Avoid poisoning process with CUDA calls as soon as importing #6810

HollowMan6 · 2024-11-29T21:49:59Z

Switch from torch.cuda.is_available() to torch.cuda.device_count() > 0, to give priority to nvml based availability, so that we can try not to poison process with CUDA calls as soon as we execute import deepspeed.

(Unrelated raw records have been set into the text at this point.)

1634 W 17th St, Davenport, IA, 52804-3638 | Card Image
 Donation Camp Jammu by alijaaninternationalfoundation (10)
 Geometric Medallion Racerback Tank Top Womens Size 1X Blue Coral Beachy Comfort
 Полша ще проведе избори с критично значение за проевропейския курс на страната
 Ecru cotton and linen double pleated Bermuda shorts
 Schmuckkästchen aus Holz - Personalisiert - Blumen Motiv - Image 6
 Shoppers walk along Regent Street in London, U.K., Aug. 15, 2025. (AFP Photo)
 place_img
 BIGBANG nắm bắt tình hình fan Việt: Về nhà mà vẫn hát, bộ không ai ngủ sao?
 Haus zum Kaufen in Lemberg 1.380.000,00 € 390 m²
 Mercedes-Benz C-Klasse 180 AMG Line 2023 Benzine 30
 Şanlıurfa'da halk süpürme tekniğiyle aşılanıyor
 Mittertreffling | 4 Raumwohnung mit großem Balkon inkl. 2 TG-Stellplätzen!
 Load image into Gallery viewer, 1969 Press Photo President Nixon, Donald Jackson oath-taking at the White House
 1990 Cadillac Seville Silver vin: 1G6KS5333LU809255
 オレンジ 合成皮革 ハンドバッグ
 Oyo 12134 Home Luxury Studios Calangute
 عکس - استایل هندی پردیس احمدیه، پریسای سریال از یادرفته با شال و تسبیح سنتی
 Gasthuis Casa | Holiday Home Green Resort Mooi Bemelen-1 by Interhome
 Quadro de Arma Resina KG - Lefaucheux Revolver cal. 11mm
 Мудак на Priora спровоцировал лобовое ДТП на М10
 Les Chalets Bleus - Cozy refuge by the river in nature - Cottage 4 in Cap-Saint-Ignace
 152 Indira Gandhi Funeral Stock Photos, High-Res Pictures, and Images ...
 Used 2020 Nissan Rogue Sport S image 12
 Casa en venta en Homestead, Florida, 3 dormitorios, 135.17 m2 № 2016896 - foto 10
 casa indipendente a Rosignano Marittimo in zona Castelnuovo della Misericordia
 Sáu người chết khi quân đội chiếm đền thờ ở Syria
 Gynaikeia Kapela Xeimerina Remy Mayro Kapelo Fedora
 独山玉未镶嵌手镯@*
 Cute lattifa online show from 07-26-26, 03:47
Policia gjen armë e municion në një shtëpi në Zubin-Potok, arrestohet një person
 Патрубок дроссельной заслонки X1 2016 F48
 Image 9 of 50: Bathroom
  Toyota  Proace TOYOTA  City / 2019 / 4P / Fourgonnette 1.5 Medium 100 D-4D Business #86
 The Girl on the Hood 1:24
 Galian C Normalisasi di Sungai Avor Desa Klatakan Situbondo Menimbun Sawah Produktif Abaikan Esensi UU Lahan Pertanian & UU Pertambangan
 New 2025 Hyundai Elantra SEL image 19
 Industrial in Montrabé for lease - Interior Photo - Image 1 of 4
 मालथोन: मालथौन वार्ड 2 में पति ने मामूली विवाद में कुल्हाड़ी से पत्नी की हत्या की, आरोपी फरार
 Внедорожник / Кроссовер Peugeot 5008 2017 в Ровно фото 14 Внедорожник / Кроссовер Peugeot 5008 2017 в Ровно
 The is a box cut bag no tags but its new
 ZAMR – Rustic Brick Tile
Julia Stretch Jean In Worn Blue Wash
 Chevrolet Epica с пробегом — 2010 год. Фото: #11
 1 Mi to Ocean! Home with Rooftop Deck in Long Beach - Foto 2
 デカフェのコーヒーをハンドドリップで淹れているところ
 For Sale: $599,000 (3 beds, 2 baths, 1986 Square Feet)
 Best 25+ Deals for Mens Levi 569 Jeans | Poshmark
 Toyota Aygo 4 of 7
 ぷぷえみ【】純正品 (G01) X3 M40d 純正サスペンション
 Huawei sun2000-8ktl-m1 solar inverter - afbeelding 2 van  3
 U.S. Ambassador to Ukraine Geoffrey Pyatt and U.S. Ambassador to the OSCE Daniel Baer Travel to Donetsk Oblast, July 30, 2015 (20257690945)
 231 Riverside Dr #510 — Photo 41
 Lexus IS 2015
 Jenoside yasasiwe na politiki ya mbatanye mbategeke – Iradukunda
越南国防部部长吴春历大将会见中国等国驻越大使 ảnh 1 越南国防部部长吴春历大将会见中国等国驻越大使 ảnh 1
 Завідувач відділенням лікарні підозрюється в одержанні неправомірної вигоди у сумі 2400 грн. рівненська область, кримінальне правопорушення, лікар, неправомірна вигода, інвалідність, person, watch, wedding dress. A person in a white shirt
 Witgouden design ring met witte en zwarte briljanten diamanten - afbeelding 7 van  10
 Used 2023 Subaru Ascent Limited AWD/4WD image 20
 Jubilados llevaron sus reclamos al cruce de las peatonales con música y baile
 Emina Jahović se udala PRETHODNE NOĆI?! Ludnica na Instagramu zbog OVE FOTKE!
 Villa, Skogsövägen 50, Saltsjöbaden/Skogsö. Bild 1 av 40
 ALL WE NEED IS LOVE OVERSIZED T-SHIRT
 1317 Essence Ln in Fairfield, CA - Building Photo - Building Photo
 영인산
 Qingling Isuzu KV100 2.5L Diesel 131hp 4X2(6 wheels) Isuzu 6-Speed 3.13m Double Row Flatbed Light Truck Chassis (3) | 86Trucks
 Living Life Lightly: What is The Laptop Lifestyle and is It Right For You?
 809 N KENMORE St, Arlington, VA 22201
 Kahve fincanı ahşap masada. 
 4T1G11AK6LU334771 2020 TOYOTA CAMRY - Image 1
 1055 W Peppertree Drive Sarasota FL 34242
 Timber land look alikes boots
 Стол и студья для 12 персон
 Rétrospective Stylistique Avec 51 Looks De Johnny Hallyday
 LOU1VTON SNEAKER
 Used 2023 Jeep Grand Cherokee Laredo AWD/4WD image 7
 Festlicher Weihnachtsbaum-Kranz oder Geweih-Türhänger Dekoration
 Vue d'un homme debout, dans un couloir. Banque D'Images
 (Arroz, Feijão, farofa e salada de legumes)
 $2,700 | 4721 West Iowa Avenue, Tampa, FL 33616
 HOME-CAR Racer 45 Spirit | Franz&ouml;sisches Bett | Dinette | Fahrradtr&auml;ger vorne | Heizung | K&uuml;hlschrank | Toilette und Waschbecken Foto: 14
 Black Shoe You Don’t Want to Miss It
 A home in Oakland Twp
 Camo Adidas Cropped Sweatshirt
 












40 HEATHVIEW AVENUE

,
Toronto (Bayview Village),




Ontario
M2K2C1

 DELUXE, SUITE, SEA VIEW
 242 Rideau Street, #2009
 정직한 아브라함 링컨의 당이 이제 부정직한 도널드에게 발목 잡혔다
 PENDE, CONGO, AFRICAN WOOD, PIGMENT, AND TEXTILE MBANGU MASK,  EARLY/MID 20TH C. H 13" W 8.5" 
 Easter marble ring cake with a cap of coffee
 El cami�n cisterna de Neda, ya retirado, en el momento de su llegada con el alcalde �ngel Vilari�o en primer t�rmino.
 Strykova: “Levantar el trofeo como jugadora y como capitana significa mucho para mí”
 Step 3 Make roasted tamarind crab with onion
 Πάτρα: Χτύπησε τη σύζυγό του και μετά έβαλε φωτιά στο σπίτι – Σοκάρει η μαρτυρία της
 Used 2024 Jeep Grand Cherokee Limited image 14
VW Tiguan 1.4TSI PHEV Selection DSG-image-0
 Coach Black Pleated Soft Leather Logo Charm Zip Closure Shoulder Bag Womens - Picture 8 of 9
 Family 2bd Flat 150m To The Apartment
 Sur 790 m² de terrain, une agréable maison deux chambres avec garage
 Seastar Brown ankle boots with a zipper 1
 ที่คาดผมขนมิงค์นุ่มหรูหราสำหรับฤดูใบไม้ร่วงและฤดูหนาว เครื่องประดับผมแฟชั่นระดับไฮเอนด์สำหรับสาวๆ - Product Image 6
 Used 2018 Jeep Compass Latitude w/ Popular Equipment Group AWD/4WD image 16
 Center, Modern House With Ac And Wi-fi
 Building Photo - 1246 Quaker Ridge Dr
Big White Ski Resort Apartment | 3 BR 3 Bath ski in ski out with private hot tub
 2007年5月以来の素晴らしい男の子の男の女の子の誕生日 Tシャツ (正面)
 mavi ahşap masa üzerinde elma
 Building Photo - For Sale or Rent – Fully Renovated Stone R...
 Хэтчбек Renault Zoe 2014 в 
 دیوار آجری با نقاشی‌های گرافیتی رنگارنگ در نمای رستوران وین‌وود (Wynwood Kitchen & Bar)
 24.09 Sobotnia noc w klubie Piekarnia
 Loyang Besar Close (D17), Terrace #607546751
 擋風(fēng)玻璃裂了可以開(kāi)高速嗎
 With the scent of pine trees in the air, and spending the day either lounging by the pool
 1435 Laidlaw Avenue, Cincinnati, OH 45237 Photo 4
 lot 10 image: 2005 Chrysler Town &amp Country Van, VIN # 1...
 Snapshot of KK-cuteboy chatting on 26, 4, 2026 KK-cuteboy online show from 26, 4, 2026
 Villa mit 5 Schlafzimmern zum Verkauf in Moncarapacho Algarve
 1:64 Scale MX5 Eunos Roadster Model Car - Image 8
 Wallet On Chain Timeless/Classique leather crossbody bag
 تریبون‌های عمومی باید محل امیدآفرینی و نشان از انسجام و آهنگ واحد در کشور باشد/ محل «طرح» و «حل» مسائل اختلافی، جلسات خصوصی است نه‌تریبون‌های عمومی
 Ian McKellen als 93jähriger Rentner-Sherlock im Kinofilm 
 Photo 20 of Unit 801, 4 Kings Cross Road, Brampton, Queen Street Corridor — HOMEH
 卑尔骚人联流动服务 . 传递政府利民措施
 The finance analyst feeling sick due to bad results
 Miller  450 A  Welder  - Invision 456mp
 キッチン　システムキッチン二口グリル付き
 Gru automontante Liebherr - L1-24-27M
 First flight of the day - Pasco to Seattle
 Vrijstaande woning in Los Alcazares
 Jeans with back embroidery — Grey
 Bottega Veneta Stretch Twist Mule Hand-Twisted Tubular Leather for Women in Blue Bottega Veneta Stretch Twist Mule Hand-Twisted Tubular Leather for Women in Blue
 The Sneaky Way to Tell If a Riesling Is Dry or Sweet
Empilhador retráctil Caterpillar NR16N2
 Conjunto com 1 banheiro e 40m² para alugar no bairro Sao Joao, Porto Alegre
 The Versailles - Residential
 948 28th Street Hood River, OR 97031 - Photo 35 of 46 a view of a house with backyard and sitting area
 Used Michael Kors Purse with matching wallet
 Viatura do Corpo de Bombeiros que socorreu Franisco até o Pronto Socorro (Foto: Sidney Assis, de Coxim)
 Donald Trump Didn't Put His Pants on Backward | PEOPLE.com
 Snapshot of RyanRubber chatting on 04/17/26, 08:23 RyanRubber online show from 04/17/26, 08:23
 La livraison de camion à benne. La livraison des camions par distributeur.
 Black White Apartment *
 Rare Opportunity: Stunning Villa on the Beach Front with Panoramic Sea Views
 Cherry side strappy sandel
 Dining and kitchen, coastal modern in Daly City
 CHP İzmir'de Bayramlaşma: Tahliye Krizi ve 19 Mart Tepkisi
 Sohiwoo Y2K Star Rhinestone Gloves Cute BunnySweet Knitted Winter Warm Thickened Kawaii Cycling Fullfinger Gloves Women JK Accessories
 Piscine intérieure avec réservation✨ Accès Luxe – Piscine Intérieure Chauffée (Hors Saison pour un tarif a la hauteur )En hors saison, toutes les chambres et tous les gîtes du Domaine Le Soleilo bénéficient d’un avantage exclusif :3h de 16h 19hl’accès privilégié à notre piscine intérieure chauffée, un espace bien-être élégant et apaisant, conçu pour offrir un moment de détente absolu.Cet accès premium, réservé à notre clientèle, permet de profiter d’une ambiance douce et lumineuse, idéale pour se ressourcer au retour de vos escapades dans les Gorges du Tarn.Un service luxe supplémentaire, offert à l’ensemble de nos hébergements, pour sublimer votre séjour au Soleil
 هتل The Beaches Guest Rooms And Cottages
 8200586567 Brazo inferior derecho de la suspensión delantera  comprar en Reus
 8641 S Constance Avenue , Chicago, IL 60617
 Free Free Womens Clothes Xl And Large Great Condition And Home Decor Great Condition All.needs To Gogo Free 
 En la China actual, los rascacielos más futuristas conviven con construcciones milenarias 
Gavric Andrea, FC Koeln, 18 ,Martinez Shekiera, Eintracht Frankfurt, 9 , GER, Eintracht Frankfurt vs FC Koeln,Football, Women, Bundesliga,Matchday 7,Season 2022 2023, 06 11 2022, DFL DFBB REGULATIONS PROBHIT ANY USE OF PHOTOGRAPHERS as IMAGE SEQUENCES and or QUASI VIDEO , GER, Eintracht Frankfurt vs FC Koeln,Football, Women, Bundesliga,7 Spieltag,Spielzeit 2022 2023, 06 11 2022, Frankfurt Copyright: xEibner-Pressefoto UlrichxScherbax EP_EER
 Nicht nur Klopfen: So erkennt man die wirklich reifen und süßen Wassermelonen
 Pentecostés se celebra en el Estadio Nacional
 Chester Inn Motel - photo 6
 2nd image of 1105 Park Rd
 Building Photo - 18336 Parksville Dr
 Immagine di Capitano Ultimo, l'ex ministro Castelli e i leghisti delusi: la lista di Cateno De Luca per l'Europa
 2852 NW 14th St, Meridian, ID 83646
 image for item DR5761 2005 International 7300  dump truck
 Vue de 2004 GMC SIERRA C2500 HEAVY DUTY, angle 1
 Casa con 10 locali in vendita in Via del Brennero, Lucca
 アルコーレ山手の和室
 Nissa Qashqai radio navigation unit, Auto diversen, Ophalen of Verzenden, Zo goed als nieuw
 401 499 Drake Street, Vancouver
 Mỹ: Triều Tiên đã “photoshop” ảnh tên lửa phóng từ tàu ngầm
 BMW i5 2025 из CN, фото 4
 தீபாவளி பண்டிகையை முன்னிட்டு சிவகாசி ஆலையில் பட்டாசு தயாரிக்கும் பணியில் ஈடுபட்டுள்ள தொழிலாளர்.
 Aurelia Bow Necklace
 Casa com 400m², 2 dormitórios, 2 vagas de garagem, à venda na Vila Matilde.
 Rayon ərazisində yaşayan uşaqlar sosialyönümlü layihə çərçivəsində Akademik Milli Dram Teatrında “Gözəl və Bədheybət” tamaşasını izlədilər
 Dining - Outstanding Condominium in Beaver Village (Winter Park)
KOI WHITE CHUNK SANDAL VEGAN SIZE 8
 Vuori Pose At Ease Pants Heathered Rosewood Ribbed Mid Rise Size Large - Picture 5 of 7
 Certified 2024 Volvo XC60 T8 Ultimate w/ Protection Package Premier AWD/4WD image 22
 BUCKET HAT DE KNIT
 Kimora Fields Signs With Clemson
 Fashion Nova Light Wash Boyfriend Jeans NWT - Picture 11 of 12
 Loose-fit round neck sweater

https://github.com/pytorch/pytorch/blob/v2.5.1/torch/cuda/__init__.py#L120-L124

There are 2 reasons to make this change:

Firstly, if we accidentally import deepspeed, since the CUDA runtime initializes when the first CUDA API call is made and caches the device list, changing the CUDA_VISIBLE_DEVICES within the same process after initialization won't have any effect on the visible devices. The specific case:
OpenRLHF/OpenRLHF#524 (comment)

A demo for reproduction before the fix is applied:

import torch
import os
os.environ["CUDA_VISIBLE_DEVICES"] = ""
import deepspeed
os.environ["CUDA_VISIBLE_DEVICES"] = "0,1,2,3"
torch.cuda.set_device('cuda:0')

Secondly, https://pytorch.org/docs/stable/notes/cuda.html

When assessing the availability of CUDA in a given environment (is_available()), PyTorch’s default behavior is to call the CUDA Runtime API method cudaGetDeviceCount. Because this call in turn initializes the CUDA Driver API (via cuInit) if it is not already initialized, subsequent forks of a process that has run is_available() will fail with a CUDA initialization error.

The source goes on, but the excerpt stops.